German factory orders unexpectedly drop as car sales slump

German companies are battling with unprecedented supply-chain problems as a result of a sudden surge in global activity following the end of coronavirus lockdowns. (Photo: Bloomberg)

German manufacturers unexpectedly saw demand decline in May, suggesting an uneven start to the country’s economic recovery.

Orders fell 3.7 per cent, worse than all estimates in a Bloomberg survey. The Economy Ministry said the slump was driven by weak export demand for cars following a steep rise the previous month. Domestic orders rose 0.9 per cent.

German companies are battling with unprecedented supply-chain problems as a result of a sudden surge in global activity following the end of coronavirus lockdowns, a trend that is also driving up prices amid competition for inputs and raw materials. While some of those bottlenecks may have started to ease, it’s likely to take time for disruptions to pass.

In this Wednesday, March 21, 2018 file photo, the logo of German car manufacturer BMW is pictured at the headquarters in Munich, Germany. German automaker BMW AG lost 212 million euros (US$250 million) in the second quarter 2020 as the coronavirus pandemic shutdowns cut vehicle sales by a quarter in the April-June period. (Photo: AP/Matthias Schrader)

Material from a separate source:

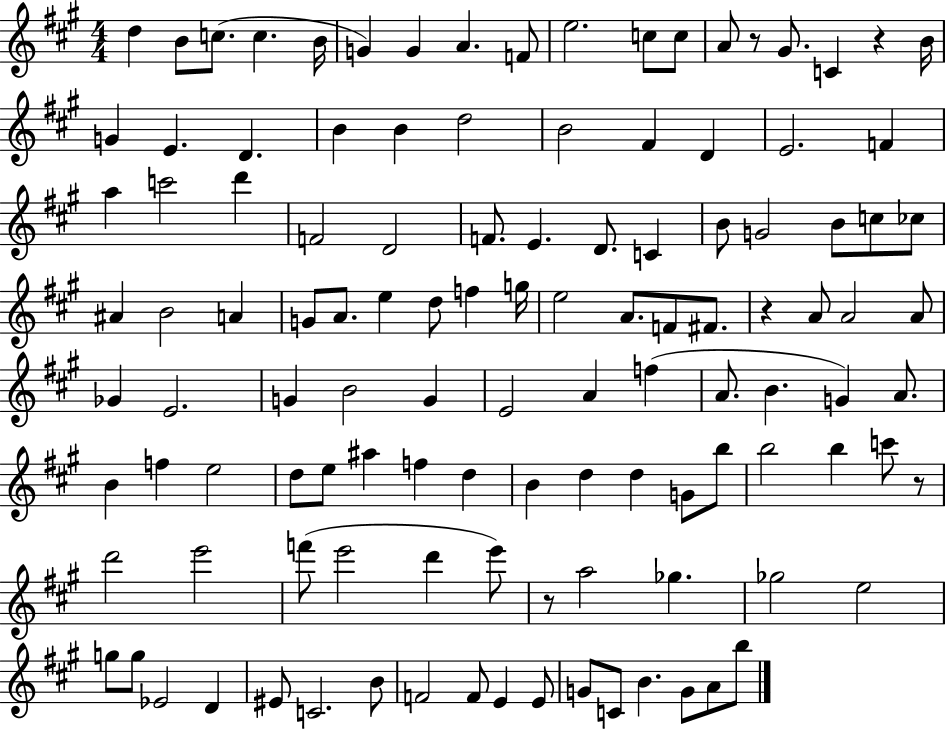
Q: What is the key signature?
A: A major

Meanwhile, the country’s service sector is bolstering momentum after widespread reopenings of restaurants, shops, and cultural venues. Business confidence climbed to the strongest in more than two years and the number of workers on state wage support fell to 1.5 million from 2.3 million — the lowest since February last year.

Industrial production probably increased 0.5 per cent in May, according to a survey before data on Wednesday. The German economy, Europe’s largest, is set to grow 3.7 per cent in 2021, the Bundesbank said in its latest projections, reaching pre-pandemic levels as soon as this summer.